Ubuntu18では正常に動いていたアプリケーションがあったのですが、OSのバージョンアップが必要になったため、Ubuntu20の環境でビルド・動作確認を実施。
すると、今までパスしていたテストが通らなくなってしまったので、色々と調査したところ、コンテナのサイズに関係なく、Qtのforeach文が1回分しかループを回していないという事実が判明しました。
Qtのforeach文はマクロ定義されていて、C++11以降で使えるようになった拡張for文とほぼ同じような感覚で使えます。
QList<qint32> qList;
qList << 1;
qList << 2;
qList << 3;
qList << 4;
foreach (qint32 val, qList)
{
std::cout << val;
}
通常であれは「1234」の出力が期待できますが、「1」しか出力されないというのが今回起きた事象です。

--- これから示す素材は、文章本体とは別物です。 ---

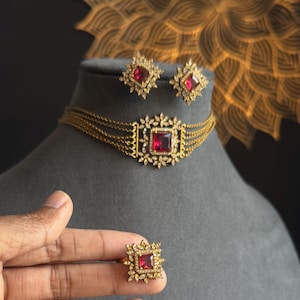 Könnte beinhalten: Ein goldfarbenes Schmuckset mit Halskette, Ohrringen und einem Ring. Jedes Schmuckstück hat einen quadratischen, rubinroten Mittelstein, der von kleineren, klaren Steinen umgeben ist. Die Halskette hat mehrere Stränge.
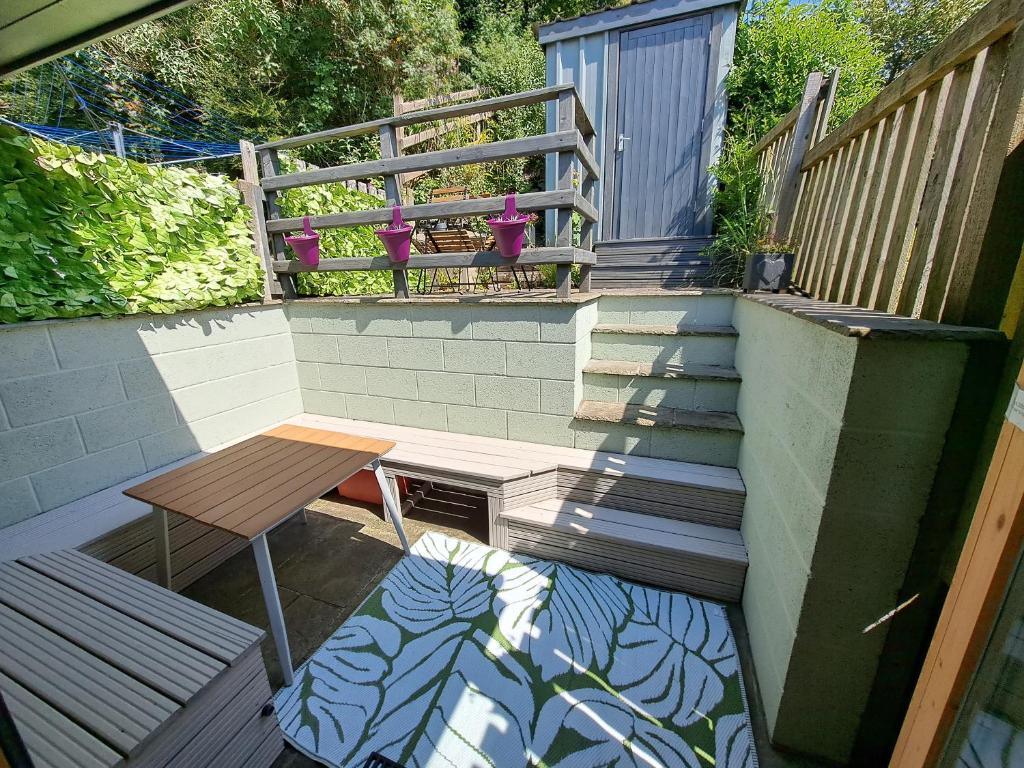 d'une terrasse avec une table, un banc et des escaliers. dans l'établissement Bwthyn Gweilch, à Machynlleth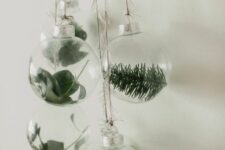 27 clear glass ornaments with greenery and evergreens are a gorgeous natural idea for Christmas, they will fit boho or woodland decor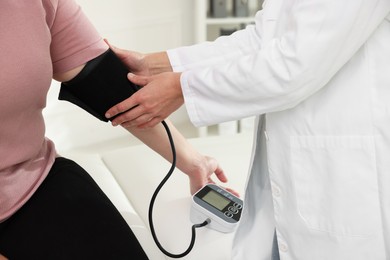 Photo of Nutritionist measuring overweight woman's blood pressure in hospital, closeup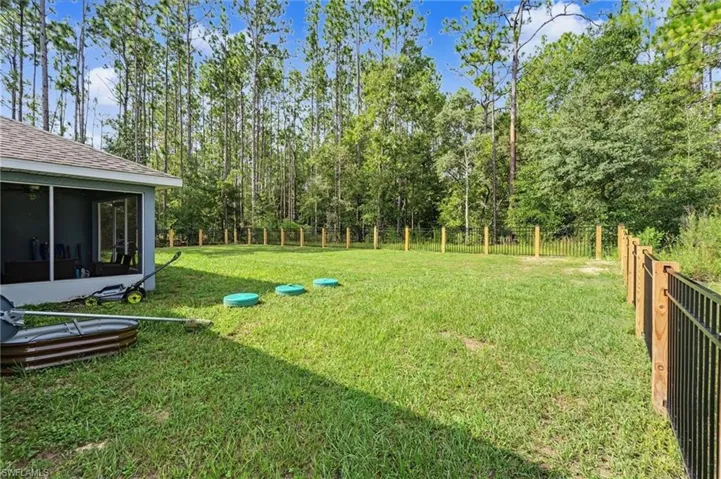Expansive green space with perimeter fencing and a screened-in patio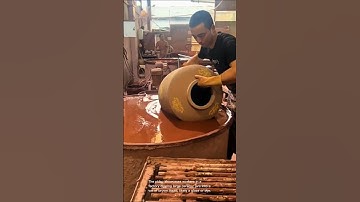 Ceramic jar dipping: workers coating large jars in brown liquid
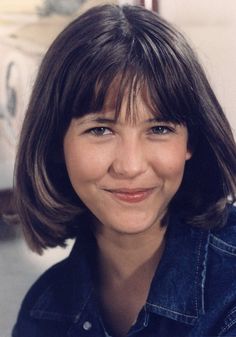 a close up of a person wearing a denim shirt and smiling at the camera with a smile on her face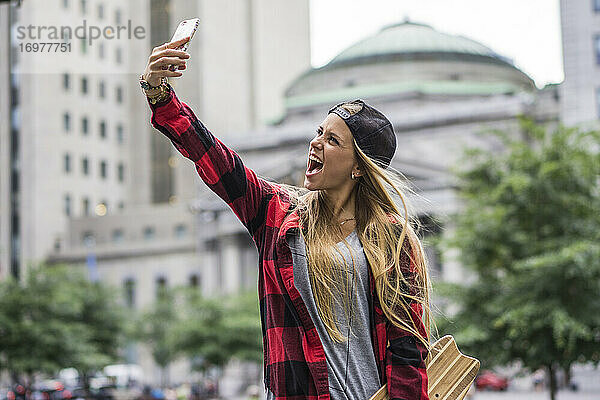 Stylische Städterin mit Skateboard macht ein Selfie in der Innenstadt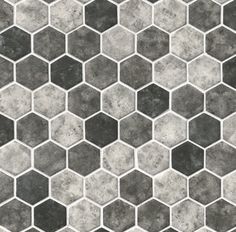 a black and white hexagonal tile pattern with grey grungy paint on it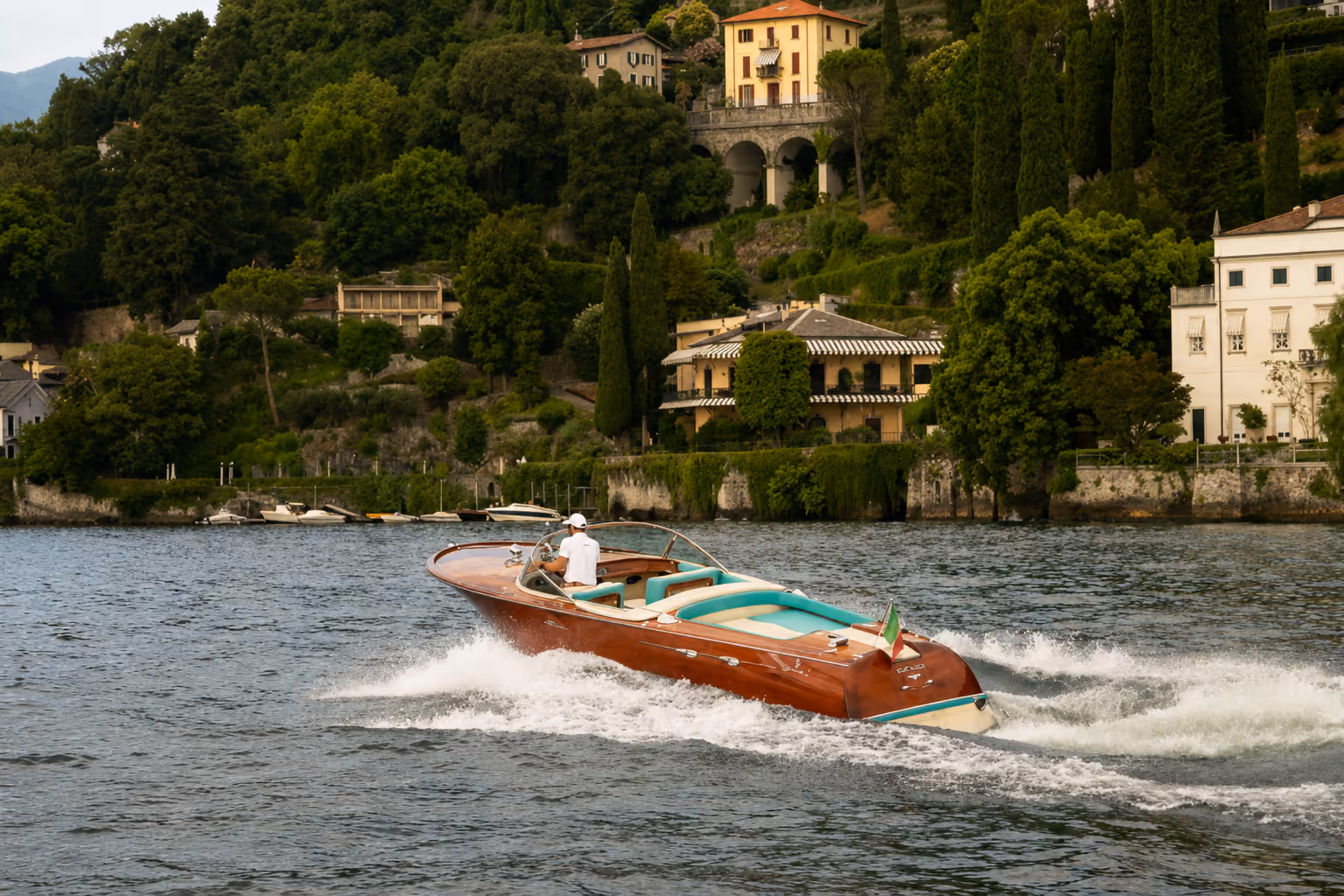 Riva boat cruising on Lake Como near lakeside villas for exclusive private tours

調べてみたところ、どうやら同じ事象がstack overflowで話題に上がっているようでした。
https://stackoverflow.com/questions/61635549/qt-foreach-only-iterates-once-ignoring-the-rest-of-the-items
バグレポートとしても上がっているようです。
https://gcc.gnu.org/bugzilla/show_bug.cgi?id=90617
どうやらfor文の増減式の部分にbreakを入れた場合の振る舞いが、gcc9とそれより前のバージョンで異なることで、この問題が発生しているようです。
どちらかというと、gcc9より前では間違った動きをしていたので、gcc9ではそれが修正されているということのようですね。
Qt5ではこれを受けてかforeachのマクロ定義が異なった処理に修正されていますので、gcc9でコンパイルしても問題ないようです。
いずれにせよ、Qt4とgcc9の組み合わせで使用せざるを得ない場合は、foreach文の使用を避けて、通常のfor文や拡張for文を使うか、イテレーターを使ってコンテナに対してのループを回す必要があるということですね。